As mãos de Ilidia esmaecem, a magia para.
Jorge move-se mais rápido que qualquer ser humano, colocando inúmeros objetos em uma mochila – dele e da filha. Ele corre até o escritório e bagunça tudo, guardando mais coisas. Ele só para no momento em que Ino começa a soluçar repetidamente, ela pisca mais vezes do que o normal.
- Não, agora não! – ajoelhado na frente da menina, segura os ombros dela e beija a sua testa. – Por favor, aguente mais um pouco.
Boquiaberta, Ilídia estende a mão em direção a eles.
- Sai! – cospe, recusando a ajuda. Doze levanta, inquieto.
A maga fica de pé também, suas mãos tremem.
- Precisamos sair daqui, Jorge. Escute, eu...
- Você sabe do meu segredo, não é? Claro que sabe. Aposto que vasculhou minhas coisas. – Ilídia morde os lábios em resposta. – Não sabe nem mentir...
O soluço de Ino fica mais alto, lampejos vermelhos em sua íris.
- Só espero que não tenha usado magia para fuçar meu escritório.
No mesmo momento, entre furiosos trovões e relâmpagos, um grito estridente côa do lado de fora da casa. Jorge sabe que barulho é esse, o mesmo de quando uma tempestade horrível de granizo está se aproximando. A entranha dos dois é rasgada ao ouvir o esganiçado inumano arranhar seus tímpanos. E, então, para. A lareira apaga. O silêncio súbito os invade.
Jorge olha para Ilídia, pupilas extremamente dilatadas.
Um clarão cega os dois.
Ilídia está jogada no chão, com aquele seu pequeno mundo sendo destruído a sua volta. Cada piscada é lenta demais, acompanhando as notas de uma melodia tocada por um instrumento imaginário. Lampejos de explosões, fogo e madeira quebrada passa por seus olhos. A cabeça dos cachorros de metal jazem perto.

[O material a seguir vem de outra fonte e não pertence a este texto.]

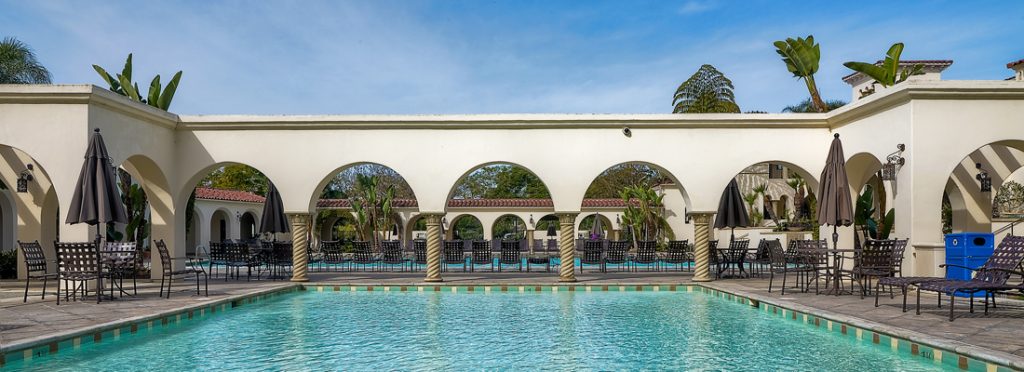 Piscina Eastlake Greens Community Association Swimming Pool - San Diego County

A dança da morte é entre Jorge, munido de uma arma elétrica, e a Triage, em sua forma espectral. Obviamente... a luta não dura por muito tempo. Um dos pássaros humanoides vomita uma magia desconhecida em direção ao peito do barman. A arma derrete e, por muito pouco, seu detentor também. Em notas agudas e suaves de despedida, a garotinha Ino se posta na frente de seu pai e recebe o ataque.

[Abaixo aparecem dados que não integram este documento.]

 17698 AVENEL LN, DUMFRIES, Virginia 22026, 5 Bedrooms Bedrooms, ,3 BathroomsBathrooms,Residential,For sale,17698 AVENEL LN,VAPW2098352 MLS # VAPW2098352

O corpo da criança tem um rombo no meio do peito. Veias e membros peculiares explodindo, jogados para fora de seu lugar. Jorge cai no chão totalmente derrotado. Nenhum som sai de sua boca semi aberta. O ataque da Triage para e um deles se aproxima dos dois – um abutre verificando a presa lentamente definhando.

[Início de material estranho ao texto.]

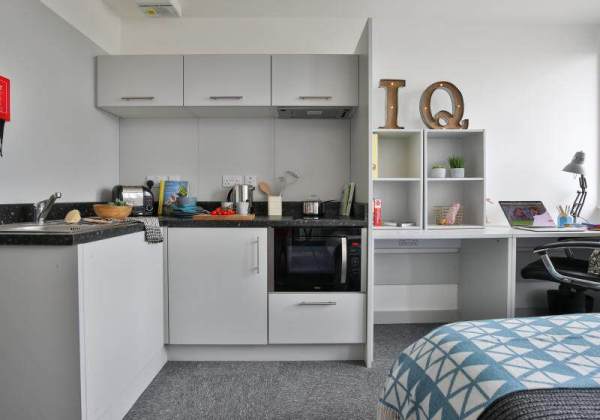 Belfast university campus vs off-campus housing,Best value student flats in Belfast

Enquanto isso, um deles põe Ilídia de pé e tentar prender seus pulsos.
É... minha culpa. Uma lágrima de Ilídia escorre e toca o chão.
Por um momento, o tempo ali para. A música some.
Quando tudo volta ao normal, um impulso mágico sai dela, suspende todos da Triage no ar e os esmaga contra o solo bêbado de água da chuva. A luta acabou, aquela luta.
Não vou poder ajudá-la toda vez, querida. a voz da Oráculo invade sua mente.
Um dia, toda a ajuda dada indevidamente pela Oráculo seria cobrada – condenando-a a tragédias na mesma proporção para equilibrar as forças. Ciente dos sacrifícios e quase desfalecendo, se esforça para manter-se em pé e se aproximar das duas vítimas da sua ignorância
Jorge abraçava com força o corpo inerte da filha, cabeça baixa, silêncio absoluto.
Agora pode ver melhor, com certeza. São fios, partes metálicas, estrutura e esfera agora danificada completamente. Não eram veias, membros, sangue. Os olhos abertos de Ino estão vermelhos, exibindo a palavra “ERROR”. Ao lado da cabeça, um botão pisca em escarlate.
Ilídia aproxima sua mão do botão e o tira, Jorge não reage.
- Olá. – diz uma voz de dentro do objeto, feminina e artificial. – Seu modelo está com sérios problemas e precisará ser levado ao departamento de manutenção. Traga isto e a esfera DV-i7 à Babilônia rapidamente, para uma possível reconstituição do perfil salvo em nova estrutura caso as danificações forem irreparáveis. Tenha um bom dia!
A garota guarda os itens ditos, o botão e a esfera – aparentemente o coração do corpo robótico da criancinha.
Quieta, monta em Doze e cavalga de volta a Alter.
Não sou a pessoa certa para esse destino, vó.